Henry Weinfield – “When Contemplation like the Night-Calm Felt”: Religious Considerations in Poetic Texts by Shakespeare, Milton, and Wordsworth


“When Contemplation like the Night-Calm Felt”: Religious Considerations in Poetic Texts by Shakespeare, Milton, and Wordsworth

Henry Weinfield

Published in Connotations Vol. 26 (2016/17)

Abstract

This essay discusses the influence of Shakespeare’s Sonnet 15 (“When I consider everything that grows”) on Milton’s Sonnet 19 (“When I consider how my light is spent”), and the way in which both poems enter into the philosophical opening to Book 5 of Wordsworth’s Prelude (“When Contemplation, like the night-calm felt”). The essay uncovers the presence of Ecclesiastes in Shakespeare’s sonnet, arguing that if there is a God in Shakespeare’s vision he is a hidden and impersonal deity. The religious landscape of Milton’s sonnet is, on the surface, diametrically opposed to Shakespeare’s because Milton God is a personalized deity with whom the poet enters into dialectical relations. I argue, however, that the repetition of Shakespeare’s opening phrase in Milton’s sonnet suggests that Milton is seeking to evade Shakespeare’s vision. In considering Wordsworth’s text, the essay seeks to triangulate (and therefore complicate) what begins as a binary analysis. In Wordsworth’s pantheistic perspective, the mediating presence of Shakespeare and Milton is explicit, and though Wordsworth is writing in blank verse he retains the when / then structure that Shakespeare adopts and Milton subtly evades.

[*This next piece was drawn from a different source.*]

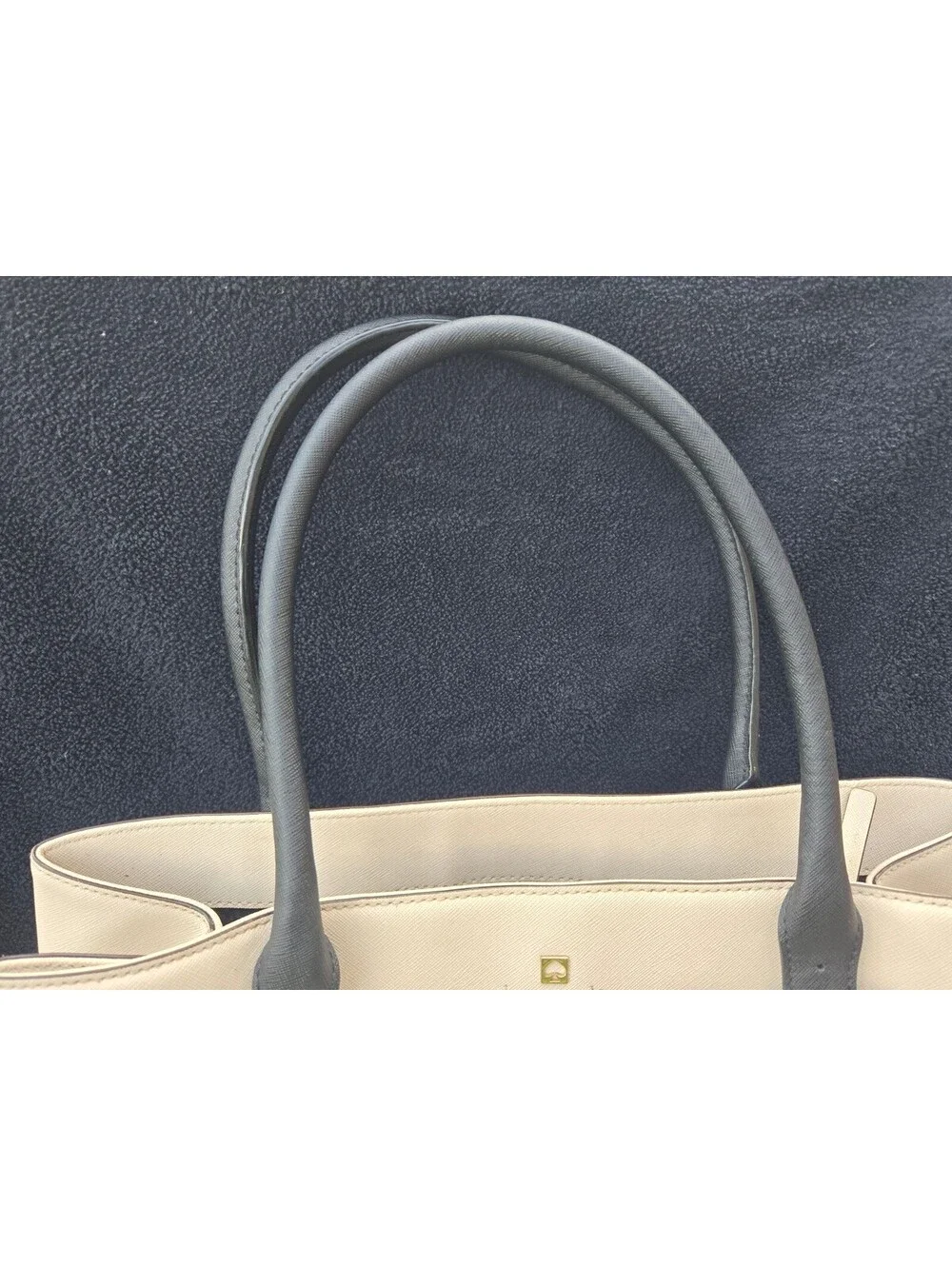 Kate Spade New York Colorblock Tote Handbag Cream Black Leather Shoulder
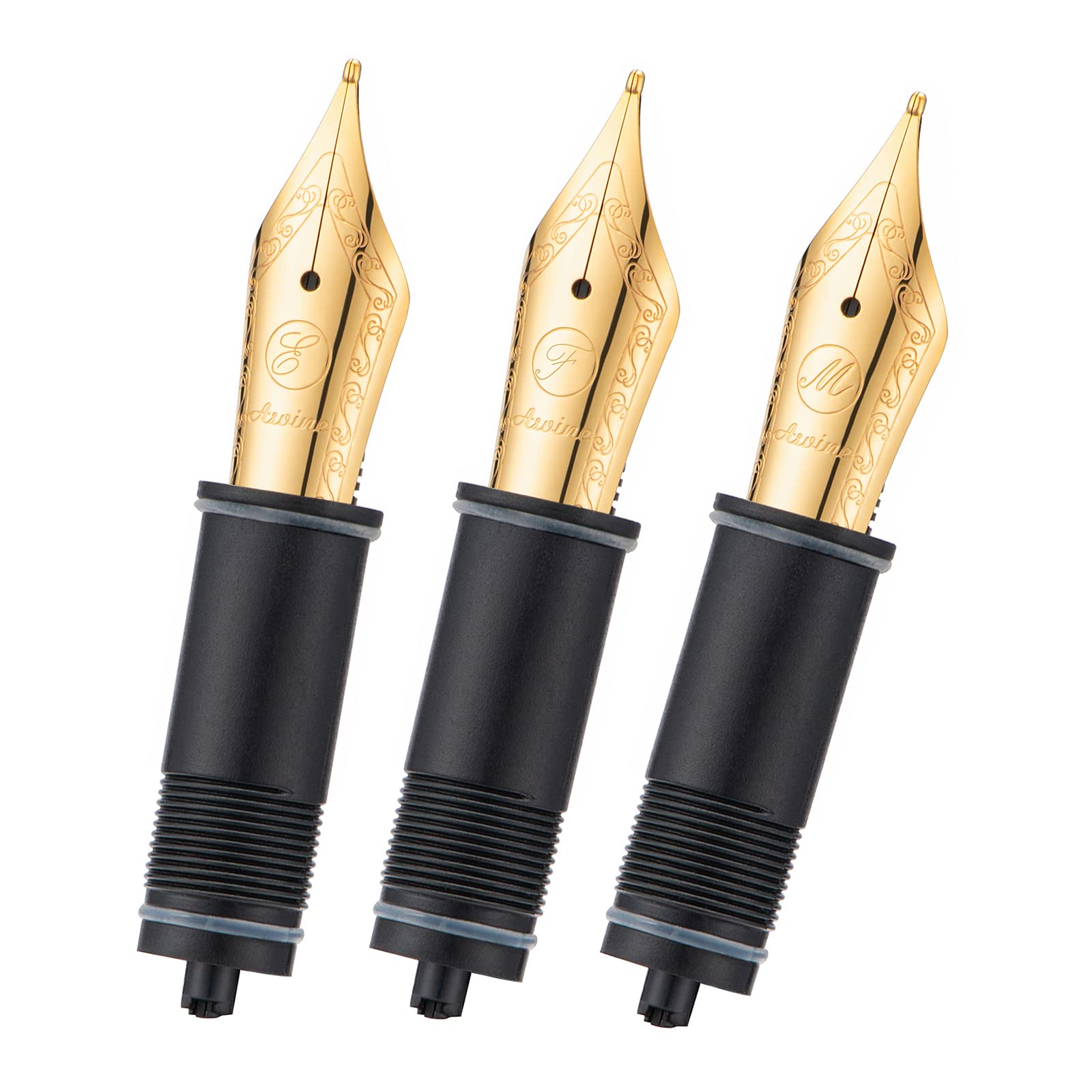 Asvine 3 PCS Fountain Pen Replaced Nibs, 6 Gold Plated EF/F/Medium Nib V169, P20, P30 and V126 — image 1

All three poetic texts contemplate the future—of man and of his works—from different but related religious perspectives, and the essay concludes by seeking to offer a succinct articulation of those differences.


In Milton’s Burden of Interpretation (1994), Dayton Haskin connected Milton’s Sonnet 19, “When I consider how my light is spent,” to Shakespeare’s Sonnet 15, “When I consider everything that grows,” from the standpoint of the marked difference between the two poems. “The challenge in ‘They also serve who only stand and wait,’” Haskin observed, quoting Milton’s arresting conclusion, “is for the ‘I’ to give up on his longstanding belief in the importance of his own productions” (116). Linking Milton’s sonnet on his blindness to his earlier sonnet, “How soon hath Time, the subtle thief of youth,” Haskin added that “[unlike] Shakespeare’s ‘When I consider ...’ sonnet, which culminates in a closing boast about the immortality of verse in the war against Time, Milton’s poem suggests that the poet is struggling to make what is elsewhere designated ‘That last infirmity of Noble minds’ a matter of indifference” (116-17).

Haskin’s interpretation eloquently speaks to the differences in the religious attitudes of the two poets, but what it leaves open is the question of why, given those differences, the initial phrase of Milton’s sonnet echoes Shakespeare’s. It is impossible to imagine that Milton would not have known Shakespeare’s sonnets,1) and so the question remains as to why Shakespeare’s poem impressed itself on Milton’s mind, even if, as may have been the case, it did so unconsciously. My contention will be that, when we examine the two poems against each [→ page 116] other, we shall come to recognize that Shakespeare’s sonnet posed—or perhaps consolidated—a threat that Milton had to take seriously.

In the first nine lines of Shakespeare’s Sonnet 15, the opening quatrains and then the turn to the sestet, two main ideas, transience and fatalism, are posed against each other in such a way as to constitute a single theme, one that is actually foreign to a specifically Christian outlook (although by Shakespeare’s time it had become part of the Christian inheritance):

When I consider every thing that grows
Holds in perfection but a little moment,
That this huge stage presenteth nought but shows
Whereon the stars in secret influence comment;
When I perceive that men as plants increase,
Cheerèd and check’t even by the selfsame sky,
Vaunt in their youthful sap, at height decrease,
And wear their brave state out of memory:
Then the conceit of this inconstant stay [...] (Shakespeare, The Sonnets 40)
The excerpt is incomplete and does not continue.